-----
**ENHANCEMENTS**
- Dynamically fetch compute instance type and cluster size in order to support updates
- SGE:
- process nodes added to or removed from the cluster in batches in order to speed up cluster scaling.
- scale up only if required slots/nodes can be satisfied
- scale down if pending jobs have unsatisfiable CPU/nodes requirements
- add support for jobs in hold/suspended state (this includes job dependencies)
- automatically terminate and replace faulty or unresponsive compute nodes
- add retries in case of failures when adding or removing nodes
- Slurm:
- scale up only if required slots/nodes can be satisfied
- scale down if pending jobs have unsatisfiable CPU/nodes requirements
- automatically terminate and replace faulty or unresponsive compute nodes
- Dump logs of replaced failing compute nodes to shared home directory
**CHANGES**
- SQS messages that fail to be processed are re-queued only 3 times and not forever
- Reset idletime to 0 when the host becomes essential for the cluster (because of min size of ASG or because there are
pending jobs in the scheduler queue)
- SGE: a node is considered as busy when in one of the following states "u", "C", "s", "d", "D", "E", "P", "o".
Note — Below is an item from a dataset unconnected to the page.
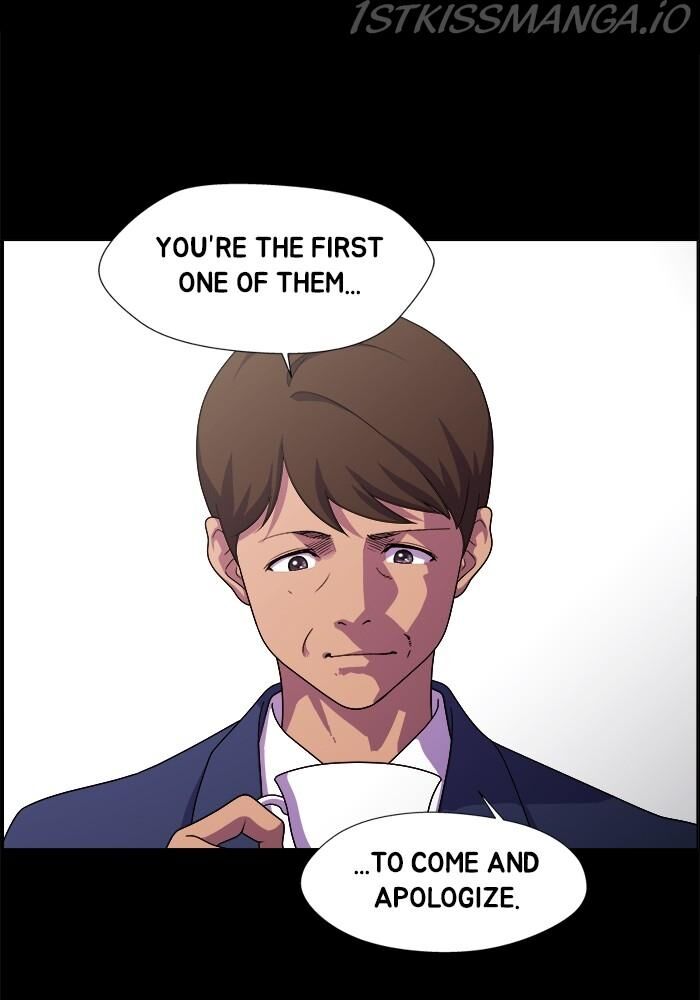 Read Dr. Frost Manga Online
This allows a quick replacement of the node without waiting for the `nodewatcher` to terminate it.
**BUG FIXES**
- Slurm: add "BeginTime", "NodeDown", "Priority" and "ReqNodeNotAvail" to the pending reasons that trigger
a cluster scaling
- Add a timeout on remote commands execution so that the daemons are not stuck if the compute node is unresponsive
- Fix an edge case that was causing the `nodewatcher` to hang forever in case the node had become essential to the
cluster during a call to `self_terminate`.